10. Ms Kenny was obliged to accept that, contrary to the Rule 24 notice, the Appellant was granted leave to enter the United Kingdom as a student on 13th September 2003. Given that date and the fact that the date of decision was 8th October 2013 then it could be said that the Appellant had been here for "at least ten years' continuous lawful residence in the United Kingdom" as required by paragraph 276B of the Rules.
11. Unfortunately the position is simply not that clear. The witness statement of the Appellant does not say whether or not he did leave the United Kingdom in April 2004 or before then. The statement is also silent on whether he did re-enter the United Kingdom on 13th/14th May 2004 as the judge noted in paragraph 4 of her determination. The judge made no findings in that regard. Perhaps surprisingly neither representative of either party saw fit to ask the Appellant any questions about whether he did leave the country in 2004 or before then. It follows that a critical factual issue remains unclear.

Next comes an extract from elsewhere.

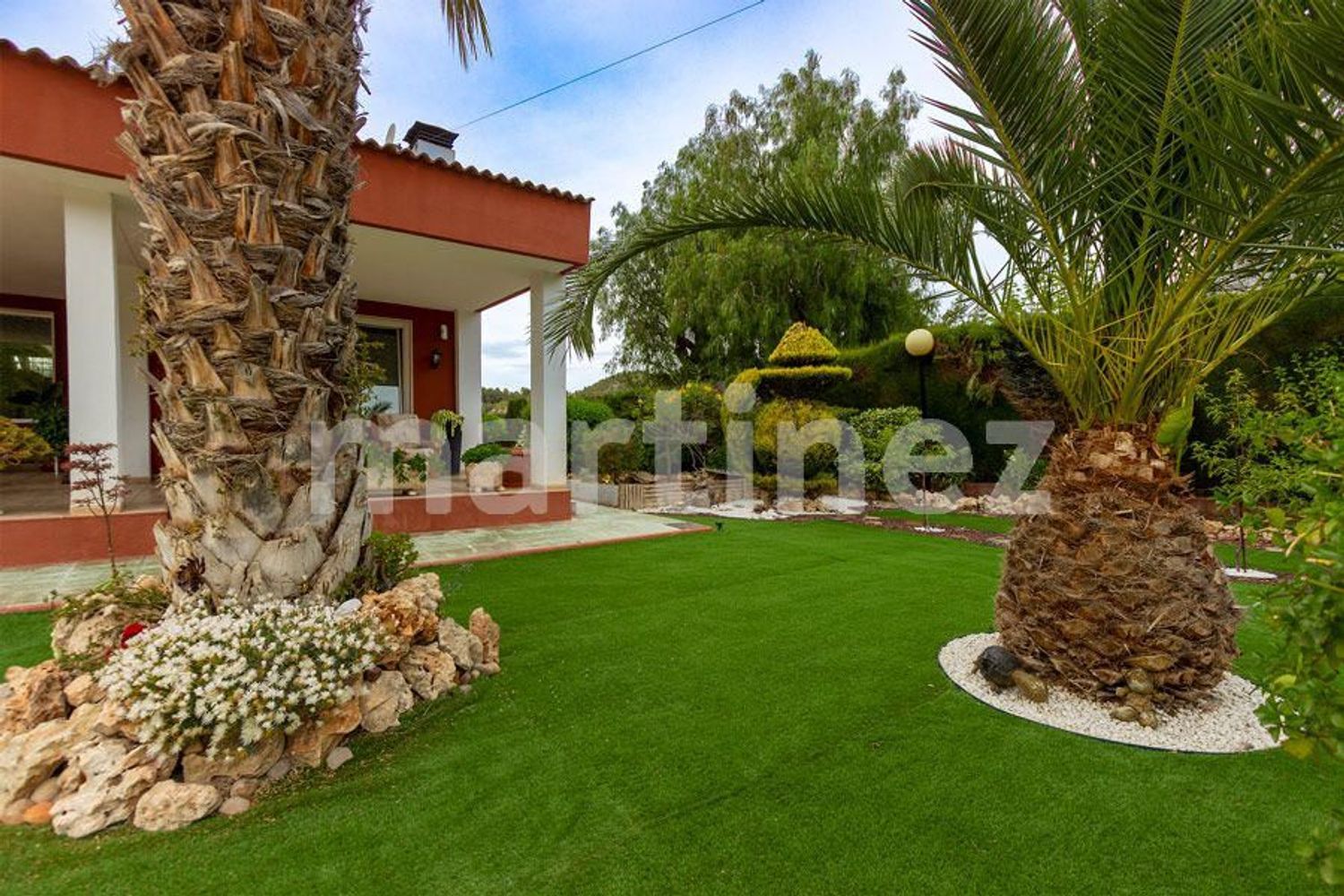 casa-o-chalet-independiente en petrer ·  750000€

12. As indicated above Mr Turner said that if the matter was remitted to the First-tier Tribunal he would have further documents to lodge; Ms Kenny said she was probably in the same position. Whilst it is unfortunate that a re-hearing appears to be required in this case I cannot see an alternative as a further fact-finding exercise is necessary and this is best carried out by the First-tier Tribunal.
13. As such the determination of the First-tier Tribunal is set aside in its entirety. No findings of the First-tier Tribunal are to stand. Under Section 12(2)(b)(i) of the 2007 Act and of Practice Statement 7.2 the nature and extent of judicial fact-finding necessary for the decision to be remade is such that it is appropriate to remit the case to the First-tier Tribunal.
Decision
14. The making of the decision of the First-tier Tribunal did involve the making of an error on a point of law.
15. I set aside the decision.
16. I remit the case to the First-tier Tribunal.